Prices will come down when people stop buying.
I noted before that while we were re-habbing the condo, we saw a Dunkin Donuts delivery person (or DoorDash or whatever) deliver a two donuts to someone at our condo development. Now, our condo isn't quite a ghetto, but it is a working-class kind of place. Simple garden-style apartments and outside parking. This isn't a place for rich people, or even upper-middle-class. It is mostly young people starting out, a few old people living on social security, and yes, some section-8 housing.
It was weird, but a few minutes after the donut delivery, the person living in that apartment left for work.
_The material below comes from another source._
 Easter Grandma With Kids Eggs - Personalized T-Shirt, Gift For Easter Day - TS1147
Now, the Dunkin Donuts is about 1/8 mile away - across the street, really, and you could have gone there on the way to the Metro or in your car if you were driving to work. Why pay a delivery fee on such an inexpensive item? It boggles the mind.
Yet, I read online all the time, people complaining about missed deliveries, cold food, wrong orders, and steep delivery fees. It isn't like the old days where you would have friends over and buy $50 of Chinese food and have it delivered by the restaurant owner's son. No, today, people are having a Big Mac and fries and a Coke delivered - the Big Mac arriving cold and mushy, the fries ice cold and congealed with hardened grease, and Coke watered-down by the melted ice, and warm. What's the point of paying a delivery fee for that? Deep-fried food - if it is to be consumed at all - should be consumed piping hot.
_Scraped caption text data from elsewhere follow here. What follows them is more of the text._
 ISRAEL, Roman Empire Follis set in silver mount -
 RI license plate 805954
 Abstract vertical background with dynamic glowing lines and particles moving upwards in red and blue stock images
But people are in a state of denial. They rage against companies for making "record profits" during an inflationary period. Of course, this attitude is negated by two simple observations. First, as I have noted before, everything in the world is always "the most this" and "the most expensive" that. Populations are always at "record highs" and prices are always at an "all-time-high" because population always increases, goods always become scarcer and prices, over time, always go up.
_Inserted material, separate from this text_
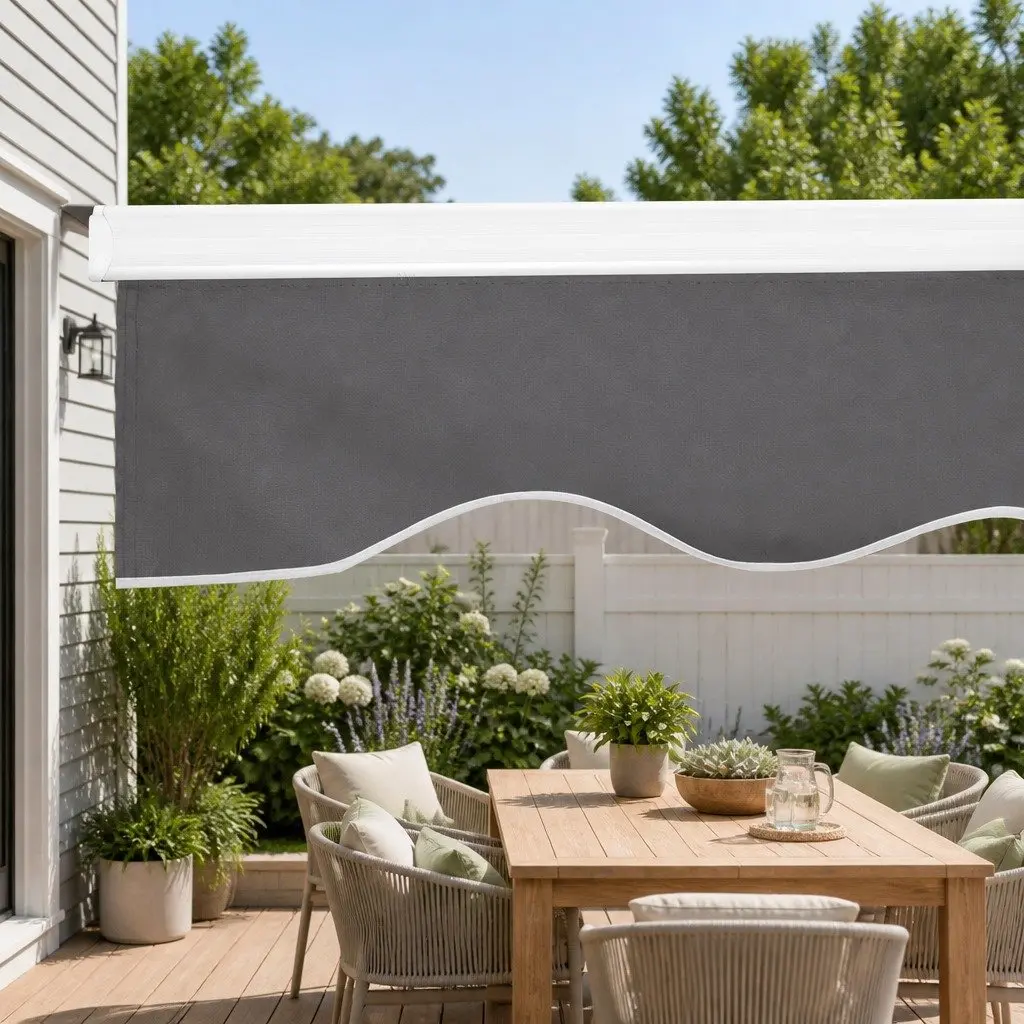 Folding Arm Awning Manual Retractable Sunshade 4m x 2.5m Grey Outdoor Patio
Yes, prices do drop from time to time, but the overall trend - measured in decades, not months - is upward. So companies are always - or mostly always - going to be posting "record profits" over time, as profits will go up with prices.
The other aspect is supply and demand. When a commodity becomes scarce, people bid up prices, and as a result, suppliers profit more. In turn, this profit incentive motivates them to procure or produce more product to meet demand (and make those tidy profits). During the pandemic and accompanying "supply chain" shortages, well, prices shot way up. And the poor bastard whose car lease expired during that period really got raked over the coals, as his options were limited to (a) buying the car at an inflated price, or (b) buying one of the three cars on the dealer lot at an inflated price.
But all of that is going to change, and very soon. And again, the change is not permanent - over time, prices will continue to go up. But we will see, in the short term (a few years) prices may decrease or at least stabilize. And what will trigger this is anyone's guess. In 2008 it was gas shooting up to $5 gallon (which would be about equal to $7 today). This time around, it could be the Government defaulting on its obligations. Who knows? The herd can be stampeded by something as simple as a coyote howl.
A reader sends a link to an article opining that car prices are set to "plummet" shortly as automatkers, worldwide, have built 6% more cars than the market demands. I am not sure where they get their numbers from, but like "unaffordable housing" there is no such thing as "unaffordable cars." No, no, those Facebook ads you see crowing "unsold SUVs going for pennies on the dollar!" are just a come-on. Cars, like houses, always sell - maybe not for the price the seller would like, but they do sell, sometimes even at a loss to the dealer or manufacturer. But no, they aren't going to crush brand-new cars because they don't sell for list price - better to sell for 20% off than for nothing.
A good example is the Audi TT roadster. Volkswagen overproduced these models, and after a famous rally car driver was killed in one that went airborne, they were all recalled to install a rear wing to keep them from experiencing high-speed lift. But the damage was done, and the roadster craze of the 1990's (have to write about that sometime, if I already haven't) was winding down. What to do with excess inventory?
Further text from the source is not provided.